By Jake Fecher 2024-01-29

This is part of Ante’s goal to loosen restrictions on low-level programming while remaining fast, memory-safe, and thread-safe.


Background


When writing low-level, memory-safe, and thread-safe programs, a nice feature that lets us achieve all of these is an ownership model. Ownership models have been used by quite a few languages, but the language which popularized them was Rust. In Rust, the compiler will check our code to ensure we have no dangling references and cannot access already-freed memory (among other errors). For example, the next snippet is a compile-time error in rust:

let mut vec = vec![1, 2, 3];
let first_element = &vec[0];

// Uh-oh, this may reallocate the Vec, making `first_element` a dangling reference!
// Luckily, we get a compile-time error:
// error[E0502]: cannot borrow `vec` as mutable because it is also borrowed as immutable
vec.push(4);

println!("{first_element}");

This is great. Those familiar with Rust however, will note that this error is actually caused by a related feature to ownership: Rust’s borrowing rules. It turns out that moving every object into and out of each function is not very convenient, so Rust also lets us create borrowed references to values. These references can be mutable or immutable, and their lifetimes are tied to that of the owned value. This particular error is prevented by Rust’s “Aliasibility XOR Mutability” rule, which I’ll call AxM for short. AxM in Rust states that you can have aliasable borrowed references, or you can have mutability, but not both. So in the example above, since Vec::push requires a mutable &mut Vec<i32> reference, we got a compile-time error trying to call it since we also had the immutably borrowed reference first_elem: &i32 in scope. Had we not printed first_element out afterward, it could be dropped earlier and the code would work, but as-is we rightfully get an error.

This is a great thing to prevent, but it is unfortunate that AxM errors like the one above are some of the most common errors in Rust. These make the language more difficult to learn when they are run into so often. As someone who has been writing Rust roughly since 1.0, I think it’s fair to say even experienced users run into AxM errors every now and then. Fixing these often requires laboriously reworking an algorithm or - unfortunately - giving up and resorting to inserting excessive calls to clone in the program.

Moreover, the issue with AxM is that aliasable mutability isn’t actually always dangerous.
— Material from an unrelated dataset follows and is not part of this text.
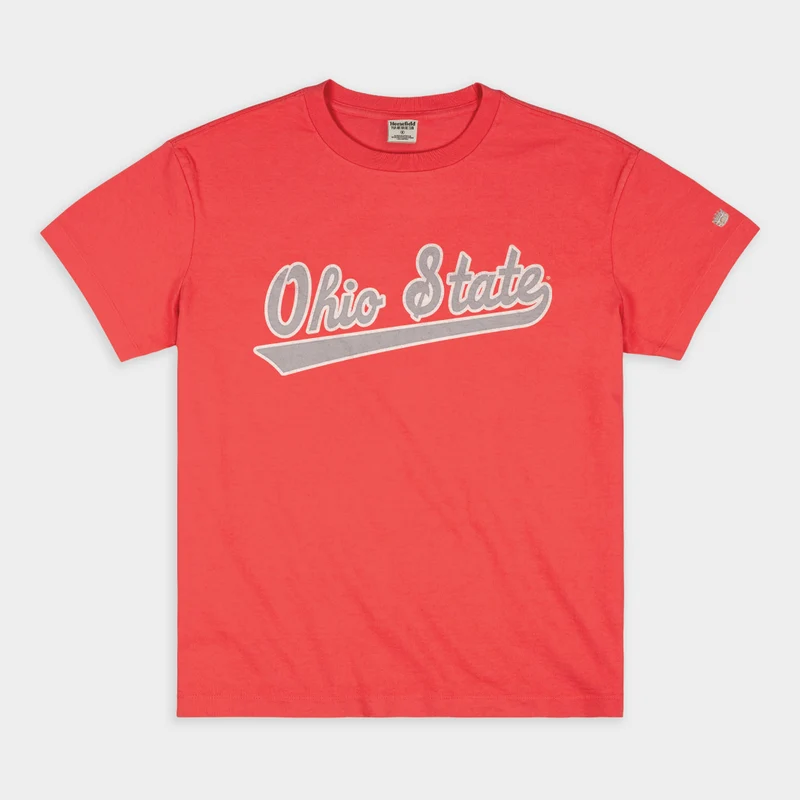 Ohio State Baseball Script Vintage Heavyweight Tee S / Red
Consider the following program:

let mut my_tuple = (1, 2);
let first_elem = &my_tuple.0;

// error[E0506]: cannot assign to `my_tuple` because it is borrowed
my_tuple = (3, 4);

println!("{first_elem}");

We’d get a similar error if my_tuple was a &mut (i32, i32) or if first_elem was a mutable reference, etc. Why is this? The program is actually perfectly safe. No matter how my_tuple is mutated, its shape stays stable, and any inner references will not be invalidated. Another thread mutating the data out from under us in a non-atomic way (a la Java) is also not possible since &mut references are not Send-able across threads. This is the kind of code new users often try to write in Rust and are quickly met with their first experiences with the borrow checker. Needless to say, new users encountering such an error message with such unfamiliar concepts can easily have their patience chipped away at. At worst, they could even decide to stop learning the language entirely.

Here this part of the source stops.